How to deploy tpu workloads on GKE Autopilot?

sennyhan · 11-19-2024 04:30 AM

Hi community!
I try to deploy tpu workloads on GKE Autopilot,but it does'nt work. My autopilot cluster is in region us-east5 and kubernetes version 1.30.5-gke.1443001. Then I deploy an job using tpu-v5-lite-device. According to guide(https://cloud.google.com/kubernetes-engine/docs/how-to/tpus-autopilot ), GKE should automatically create tpu nodes to run the Pods，but it does'nt create tpu vm。And GKE Autopilot cluster's detail info shows that cloud tpu feature is disabled。

How to enable tpu feature on GKE Autopilot?

Please advice
Good Day

nmagcalengjr

Hi @sennyhan,

Welcome to Google Cloud Community!

Based on this documentation, In Autopilot, you need to choose a TPU type and topology, then specify them in your Kubernetes manifest.

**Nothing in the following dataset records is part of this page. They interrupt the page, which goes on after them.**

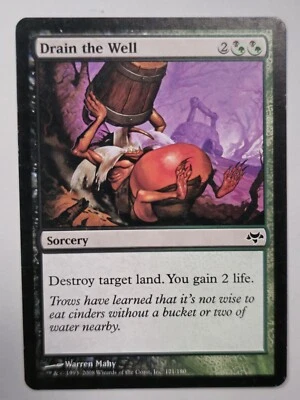 Drain the Well Eventide Regular - Image 1 of 2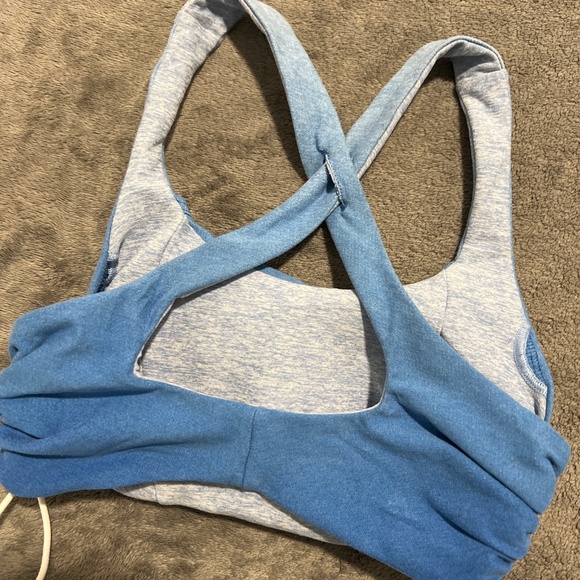 Bombshell Sportswear Shorts and Sports Bra Set - Picture 4 of 4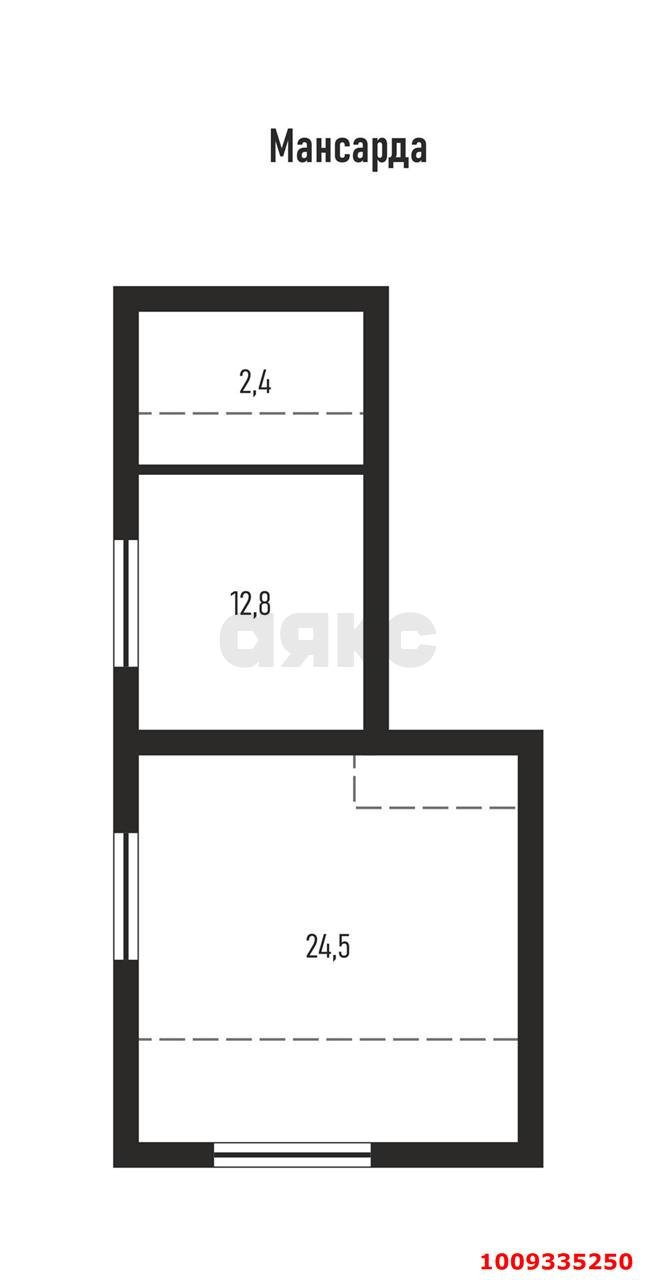 Фото №18: Дом 140 м² + 1.37 сот. - Краснодар, Центральный, ул. Калининградская, 35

GKE manages provisioning nodes with TPUs and scheduling your workloads. To use TPUs in Autopilot workloads, you request a TPU version and a supported topology for that TPU version in your workload manifest.

For your reference, this page helps you to choose the Google Kubernetes Engine (GKE) mode of operation that's the best fit for your workloads.

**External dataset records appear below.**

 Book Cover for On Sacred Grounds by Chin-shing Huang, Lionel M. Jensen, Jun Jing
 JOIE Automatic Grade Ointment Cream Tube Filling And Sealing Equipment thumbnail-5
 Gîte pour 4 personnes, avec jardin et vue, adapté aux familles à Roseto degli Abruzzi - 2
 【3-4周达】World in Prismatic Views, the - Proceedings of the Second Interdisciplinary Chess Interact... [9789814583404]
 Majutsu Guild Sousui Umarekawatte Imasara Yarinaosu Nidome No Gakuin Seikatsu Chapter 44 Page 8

Consider checking these prerequisite requirements for your project:

If you need further assistance, you can reach out to Google Cloud Support at any time.

I hope the above information is helpful.

sennyhan

Thank you very much! I have a question here。

which requirement is not satisfied when GKE Autopilot cluster's detail info shows that cloud tpu feature is disabled。